Relations in Document-oriented database?

Asked 25/2, 2010 at 14:57 Answered 9/5, 2013 at 4:35

I'm interested in document-oriented databases, and I'd like to play with MongoDB. So I started a fairly simple project (an issue tracker), but am having hard times thinking in a non-relational way.

My problems:

I have two objects that relate to each other (e.g. issue = {code:"asdf-11", title:"asdf", reporter:{username:"qwer", role:"manager"}} - here I have a user related to the issue). Should I create another document 'user' and reference it in 'issue' document by its id (like in relational databases), or should I leave all the user's data in the subdocument?
If I have objects (subdocuments) in a document, can I update them all in a single query?

Comptom answered 25/2, 2010 at 14:57 Comment(6)

have a look ayende.com/blog/4465/… – Lethargy 3/5, 2013 at 9:30

This is an interesting video on this very topic: 10gen.com/presentations/schema-design-basics-1 – Loganloganberry 3/5, 2013 at 15:20

MongoDB by itself is a wonderful NoSQL document oriented database. It really comes alive when you couple it with Mongoose ORM. I just made a blind assumption that you are using Node.js, so if not, my apologies. MongoDB and Mongoose paired together make NoSQL capable of what you can accomplish in a RDBMS with 20x more flexibility and power. Mongoose provides the concept of a "population", which gives you the joins between documents you are looking for. Again, Mongoose is javascript/Node.js, but I'm sure there are other ORMs for other languages. – Knar 7/5, 2013 at 1:23

See @oyatek response to this question: #13325846 – Loner 8/5, 2013 at 20:20

@Loner no offence but I would not consider that a "substantial" answer, also not true all of the time – Tidewater 9/5, 2013 at 17:22

@Tidewater no offense taken, was just pointing out the similar question. – Loner 9/5, 2013 at 18:14

I'm totally new to document-oriented databases, and right now I'm trying to develop sort of a CMS using node.js and mongodb so I'm facing the same problems as you.

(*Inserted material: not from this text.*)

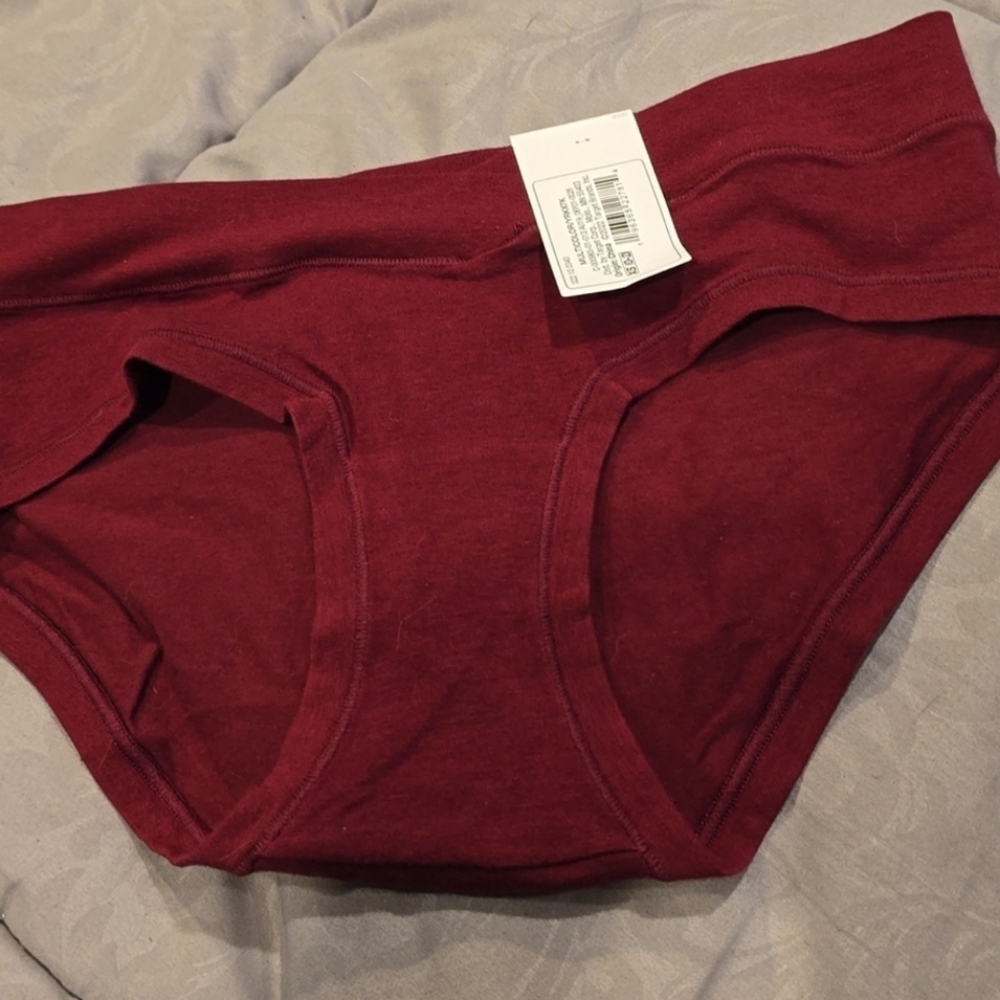 ❤️10/$13 Burgundy Women's Underwear Cute Hip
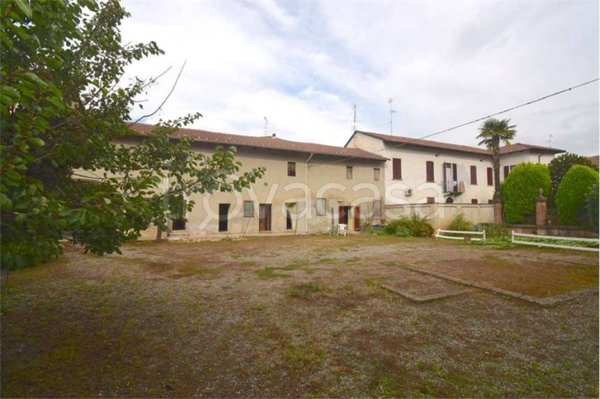 casa indipendente in vendita a Desana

By trial and error I found this rule of thumb: I make a collection for every entity that may be a "subject" for my queries, while embedding the rest inside other objects.

For example, comments in a blog entry can be embedded, because usually they're bound to the entry itself and I can't think about a useful query made globally on all comments. On the other side, tags attached to a post might deserve their own collection, because even if they're bound to the post, you might want to reason globally about all the tags (for example making a list of trending topics).

Doak answered 5/11, 2011 at 11:12 Comment(2)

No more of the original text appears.